Я в изнеможении побрел к домику, я не чувствовал того отчаяния, какого можно было ожидать, я был почти равнодушен. Сейчас мне необходимо было войти в дом, где ждала меня мать, я ведь, кажется, слышал уже ее голос? И, по-моему, видел ее лицо? Ступени вели наверх, головокружительные ступени, крутые, и скользкие, и никаких перил, каждая ступенька — гора, вершина, ледник. Наверняка уже слишком поздно — ее, наверное, уже нет, а может быть, она уже умерла? И что же, не суждено мне больше услышать, как она зовет меня? Молча сражался я с этим ступенчатым горным хребтом, падал, терял силы, в ярости и слезах карабкался наверх и прижимался к склону, упирался непослушными руками и подгибающимися коленями — и вот я уже наверху, у ворот, а ступеньки снова маленькие, изящные, и лестница обсажена самшитом. Каждый шаг давался с трудом, с натугой, ноги будто вязли в тине, в глине, никак не вытащишь, ворота были распахнуты, и там, за ними, в сером платье брела моя мать, с корзинкой в руках, тихо-тихо, погруженная в свои мысли. Моя мать! Темные волосы с легкой сединой, закрытые частой сеточкой! Ее походка, ее хрупкая фигура! И платье, серое платье, — неужели за все эти долгие годы я совсем утратил ее образ, ни разу по-настоящему не вспомнил о ней? И вот она совсем рядом: стоит, вот идет куда-то — я мог видеть ее только сзади, — точно такая она и была, ясная и прекрасная, вся — воплощенная любовь, вся — мысль о любви!

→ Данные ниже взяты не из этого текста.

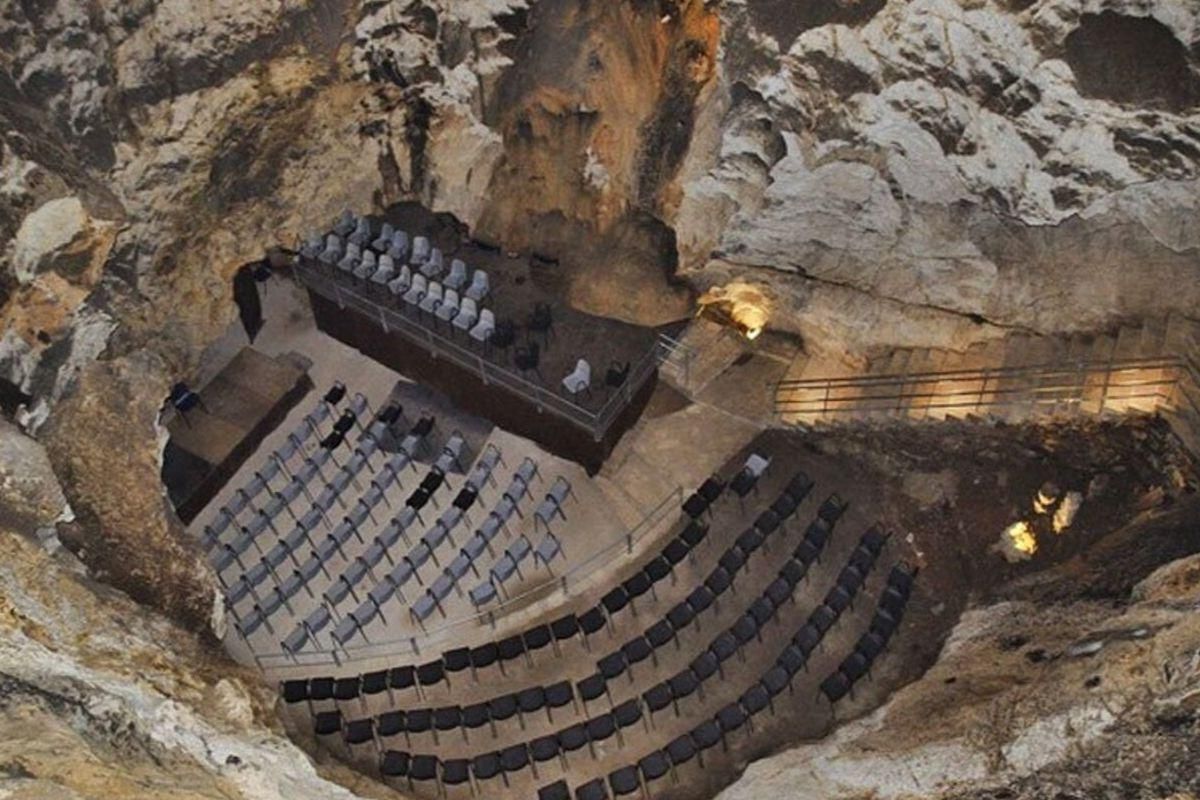 Cueva de las Ventanas.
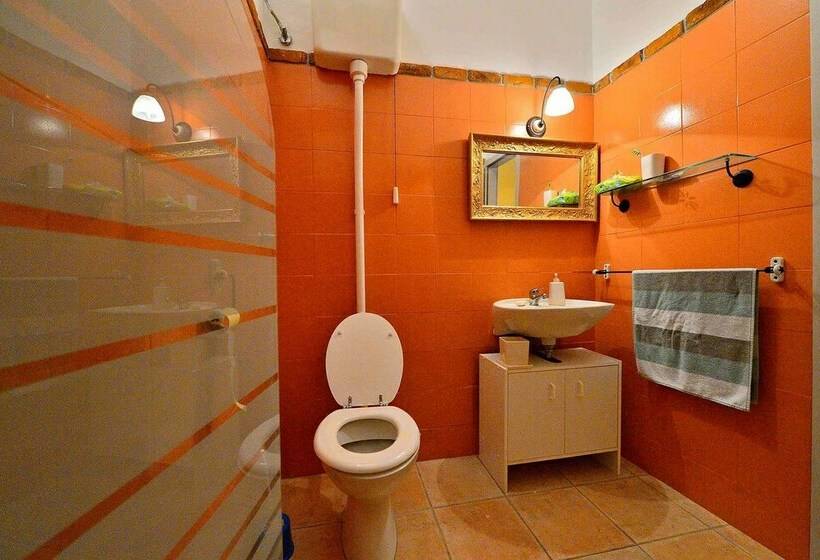 اتاق راحتی, Villa Skula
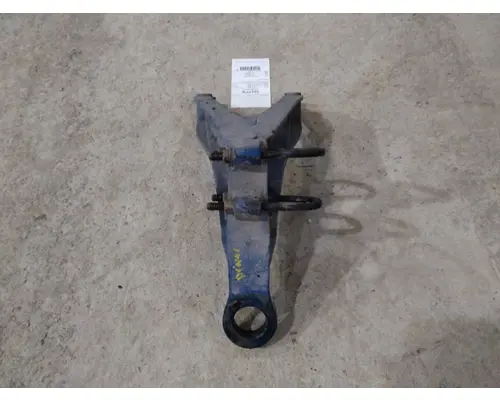 WESTERN STAR 5700XE CAB MOUNT,BRACKET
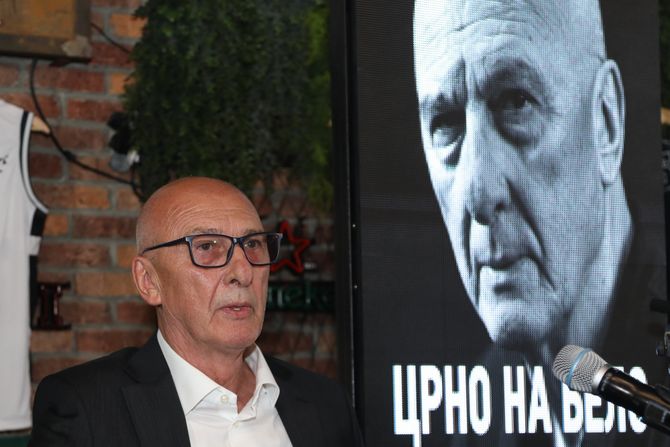 Crno na belo Dragan Todorić Crno na belo Dragan Todorić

Яростно прорывался я вперед, но немеющие ноги вязли в густом воздухе, плети ползучих растений тонкими крепкими веревками все туже и туже обвивали мое тело — все мешает, все враждебно, не пройти! «Мама!» — закричал я, но закричал беззвучно… Голоса моего не было слышно. Стеклянная стена была между нею и мной.

Моя мать медленно шла дальше, не оглядываясь, тихо-тихо, погруженная в прекрасные свои мысли и заботы; рукою, которую я так хорошо знал, снимала с платья невидимую нитку, нагибалась к корзинке с шитьем. Боже, корзинка! Туда она когда-то прятала для меня пасхальные яйца. Я закричал отчаянно и беззвучно. Я бежал и не двигался с места! Нежность и ярость пожирали меня.

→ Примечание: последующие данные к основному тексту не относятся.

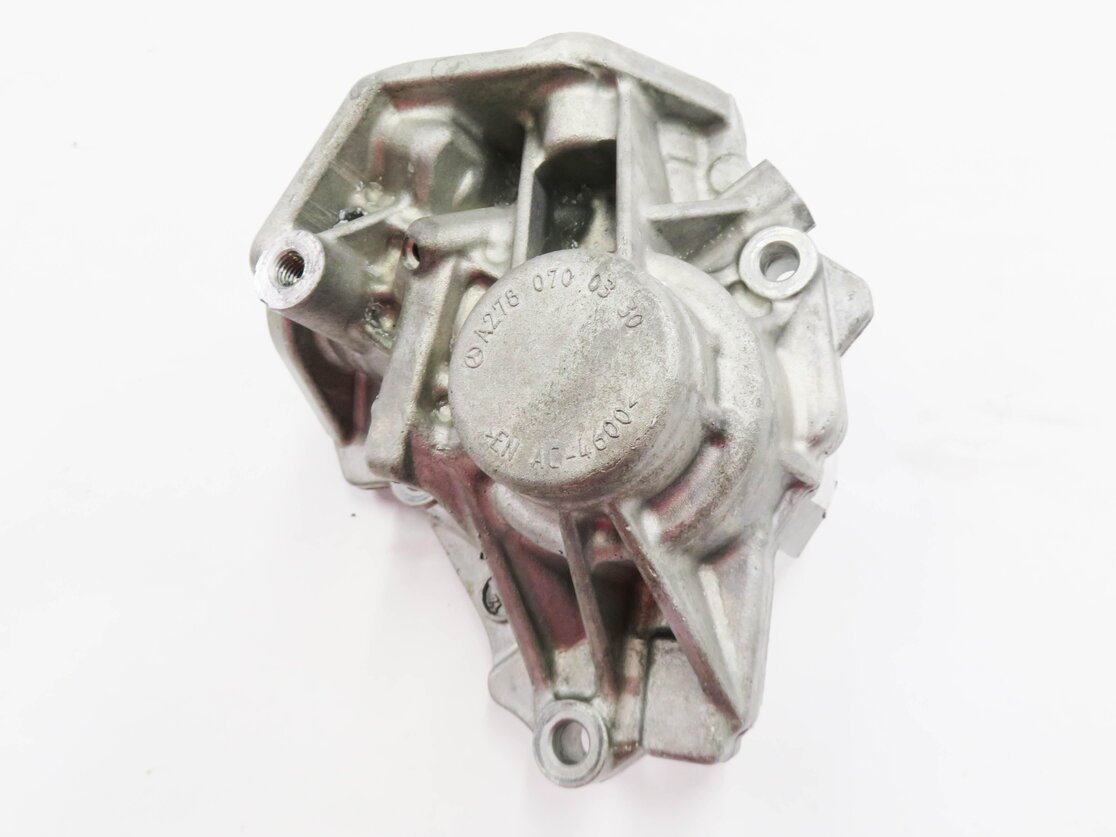 Thumbnail 2: 2012 MERCEDES S550 (W221) 4.6L M278 TWIN TURBO ENGINE - HPFP FUEL PUMP HOUSING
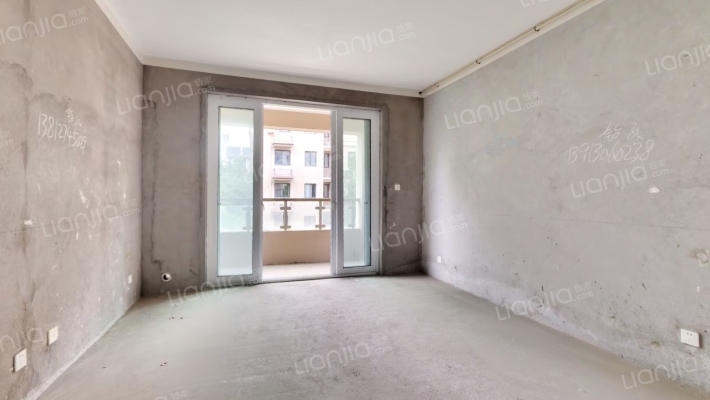 锦霞花院二手房实景图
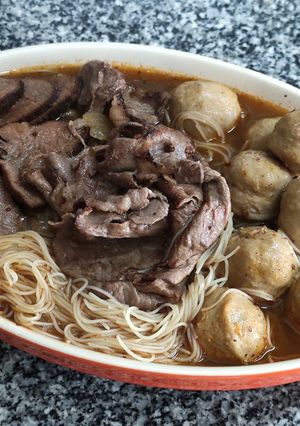 รูปของ ก๋วยเตี๋ยวเนื้อและลิ้นตุ๋น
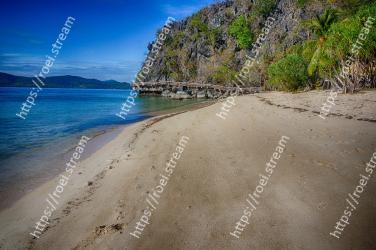 Body of water, Coast, Beach, Shore, Sea, Coastal and oceanic landforms, Sand, Bay, Ocean, Sky 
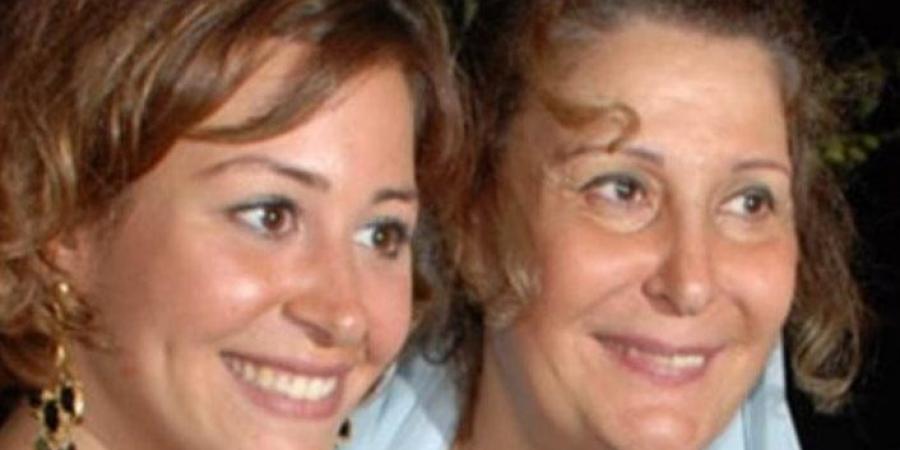 "بتخنق منها".. تصريح مفاجئ من منة شلبي عن والدتها زيزي مصطفى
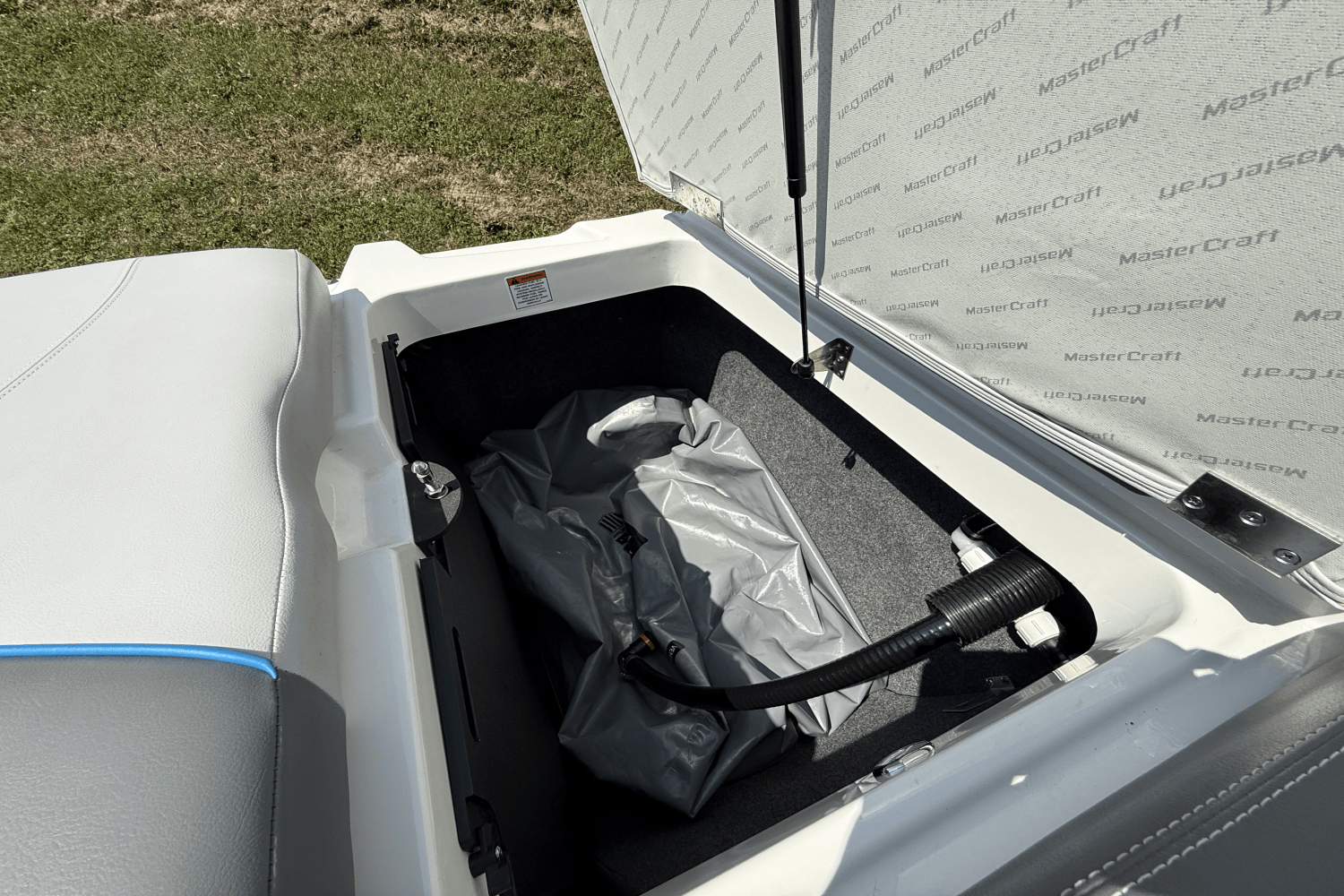 Slide: The Image of Mastercraft XT22 2019 - 32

И она медленно прошла через весь дом насквозь, остановилась в дверях, распахнутых в сад, вышла наружу. Она слегка наклонила голову набок, мягко и задумчиво, погруженная в свои мысли, то поднимая, то опуская корзинку, — и мне вспомнилась одна записка, которую я нашел однажды в детстве в этой корзинке, и там ее легким почерком было записано все, что сегодня надо обязательно сделать и о чем не забыть: «Зашить Герману брюки — разобрать белье — забрать книгу Диккенса — Герман вчера не помолился на ночь». Потоки воспоминаний, тяжесть любви!

Опутанный, прикованный к месту, стоял я у входа, а женщина в сером платье медленно уходила в сад, уходила прочь — и вот ее больше нет.